In the figure, execution of compute element operations associated with control words provided on a cycle-by-cycle basis is shown. The operations include a branch operation which can be used to decide between two branch paths, a left side path and a right-side path. Discussed previously, the identifying memory access load and store hazards can enable hazard mitigation. In the example 700, speculative encoding within code words of both branch paths can enable “prefetching” of compute element operations and data manipulated by the operation. The prefetching can include loading data manipulated by operations associated with both paths. A branch shadow 710 can include a number of cycles during which operations associated with each branch path can be executed prior to the branch decision. In the example, the branch shadow can occur during cycles 5, 6, and 7. The branch shadow can correspond to execution of operations associated with cycles 2, 3, and 4. During the branch shadow, loading data from buffers such as access buffers cannot be allowed because the data in the access buffers may be updated during the cycles prior to the branch operation. As a result, the hazard mitigation techniques described before, namely hazard mitigation accomplished by load-to-store forwarding, store-to-load forwarding, and store-to-store forwarding, cannot be allowed. To ameliorate this problem, stores from the untaken branch path can be suppressed from departing the array. By suppressing the stores from the untaken branch path from departing the array, crossbar resources and access buffer resources can be preserved.

Returning to the figure, a compiled code snippet comprising nine control words includes a branch decision at control word 4. Each cycle can include a data load operation, a data processing operation, data store operations, and so on. In the figure, an open circle represents a store address and store data emerging from the array of compute elements; a filled circle represents a load address emerging from the array; and the bold, filled circle represents a scheduled load data pickup by the array. In the example, load and store access operations that emanate from the compute element array are not suppressed in the access buffers for branch paths not taken during the branch shadow 710. The “not suppressing” load operations and store operations can maximize throughput and minimize latency of a crossbar switch coupled between the compute element array and the access buffers. A precedence tag associated with cycle 1 720 can indicate cycle 7 722, the cycle during which the load data is taken up by the array for processing. Similarly, a precedence tag associated with cycle 3 724 can indicate right-hand branch path cycle 9 726 and its branch analog, left-hand branch path cycle 9 728. Cycle 9 is the cycle during which the load data, indicated with cycle 3, is taken up by the array for processing. If the branch decision in cycle 4 indicates to proceed down the right-hand side branch (e.g., the taken path), then the load in cycle 6 and the store in cycle 7 of the left-hand side branch (e.g., the not taken path) can be suppressed or ignored prior to entry to the crossbar switch. The two store operations in cycle 8 of the left-hand side branch are not executed because the code illustrated in the code snippet has branched away from this the left-hand branch within the array.
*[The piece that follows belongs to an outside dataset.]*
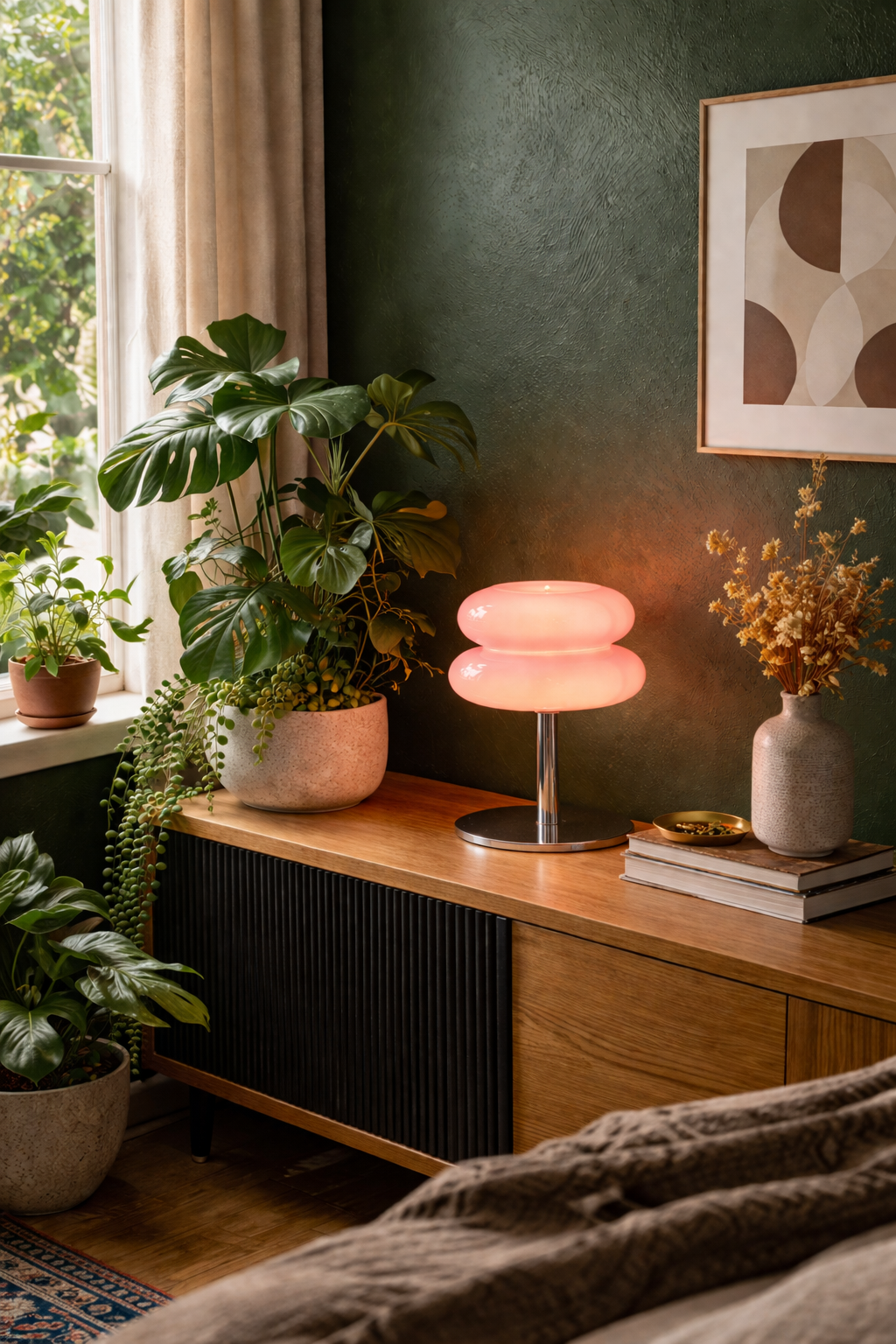 Modern Luxury Orange Table Lamp for Bedroom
The store memory access store operations associated with cycles 1, 4, and 5 can be aliased into the load operation issued in cycle 1 720 to ameliorate a read-after-write hazard associated with the right-hand path. The store operations associated with cycles 4, 5, and 7 can be aliased into the load operation issued in cycle 3 724 to ameliorate a read-after-write hazard associated with the right-hand path. The store operations associated with cycles 4 and 6 can alias into the load operation issued in cycle 3 to ameliorate a read-after-write hazard associated with the left-hand path. The store operation associated with cycle 8 can be aliased to the other store operation associated with cycle 8 to ameliorate a write-after-write hazard for the left-hand path.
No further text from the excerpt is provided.